Stored data -
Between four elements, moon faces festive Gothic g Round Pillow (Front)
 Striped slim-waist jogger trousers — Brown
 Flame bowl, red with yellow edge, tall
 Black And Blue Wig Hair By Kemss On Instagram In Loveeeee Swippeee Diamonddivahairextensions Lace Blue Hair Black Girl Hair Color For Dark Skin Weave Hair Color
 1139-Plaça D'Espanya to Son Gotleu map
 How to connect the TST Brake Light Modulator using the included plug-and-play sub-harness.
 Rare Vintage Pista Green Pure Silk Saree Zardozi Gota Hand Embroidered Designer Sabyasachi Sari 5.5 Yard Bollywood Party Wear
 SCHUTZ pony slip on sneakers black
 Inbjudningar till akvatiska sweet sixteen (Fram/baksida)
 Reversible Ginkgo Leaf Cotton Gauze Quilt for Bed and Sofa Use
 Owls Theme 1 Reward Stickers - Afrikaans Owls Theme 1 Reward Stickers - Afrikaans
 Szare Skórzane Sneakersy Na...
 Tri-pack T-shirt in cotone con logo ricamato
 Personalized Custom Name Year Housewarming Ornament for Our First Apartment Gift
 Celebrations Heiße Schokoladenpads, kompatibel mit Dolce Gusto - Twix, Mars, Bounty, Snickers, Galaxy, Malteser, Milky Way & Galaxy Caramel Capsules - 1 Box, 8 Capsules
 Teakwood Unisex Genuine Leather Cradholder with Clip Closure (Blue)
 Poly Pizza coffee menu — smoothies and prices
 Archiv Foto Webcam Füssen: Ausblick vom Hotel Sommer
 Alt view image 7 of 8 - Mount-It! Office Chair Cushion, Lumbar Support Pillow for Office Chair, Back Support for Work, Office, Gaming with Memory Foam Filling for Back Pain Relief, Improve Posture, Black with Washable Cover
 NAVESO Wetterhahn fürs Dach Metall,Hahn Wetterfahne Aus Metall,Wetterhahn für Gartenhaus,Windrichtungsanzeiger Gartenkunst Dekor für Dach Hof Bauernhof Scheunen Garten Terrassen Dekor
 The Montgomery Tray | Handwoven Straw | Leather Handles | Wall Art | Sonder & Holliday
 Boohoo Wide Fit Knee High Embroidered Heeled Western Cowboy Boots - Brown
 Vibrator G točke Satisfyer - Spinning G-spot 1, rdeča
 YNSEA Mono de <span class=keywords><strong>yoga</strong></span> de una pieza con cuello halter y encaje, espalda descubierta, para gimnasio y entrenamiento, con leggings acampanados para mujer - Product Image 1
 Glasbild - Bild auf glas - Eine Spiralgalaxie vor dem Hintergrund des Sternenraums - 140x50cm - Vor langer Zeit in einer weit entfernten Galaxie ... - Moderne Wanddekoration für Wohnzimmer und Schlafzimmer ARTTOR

Task objective -
Could you transcribe the entries above word for word, from the line with "Celebrations Heiße Schokoladenpads, kompatibel" down to the line with "NAVESO Wetterhahn fürs", keeping both?

The completed task -
 Celebrations Heiße Schokoladenpads, kompatibel mit Dolce Gusto - Twix, Mars, Bounty, Snickers, Galaxy, Malteser, Milky Way & Galaxy Caramel Capsules - 1 Box, 8 Capsules
 Teakwood Unisex Genuine Leather Cradholder with Clip Closure (Blue)
 Poly Pizza coffee menu — smoothies and prices
 Archiv Foto Webcam Füssen: Ausblick vom Hotel Sommer
 Alt view image 7 of 8 - Mount-It! Office Chair Cushion, Lumbar Support Pillow for Office Chair, Back Support for Work, Office, Gaming with Memory Foam Filling for Back Pain Relief, Improve Posture, Black with Washable Cover
 NAVESO Wetterhahn fürs Dach Metall,Hahn Wetterfahne Aus Metall,Wetterhahn für Gartenhaus,Windrichtungsanzeiger Gartenkunst Dekor für Dach Hof Bauernhof Scheunen Garten Terrassen Dekor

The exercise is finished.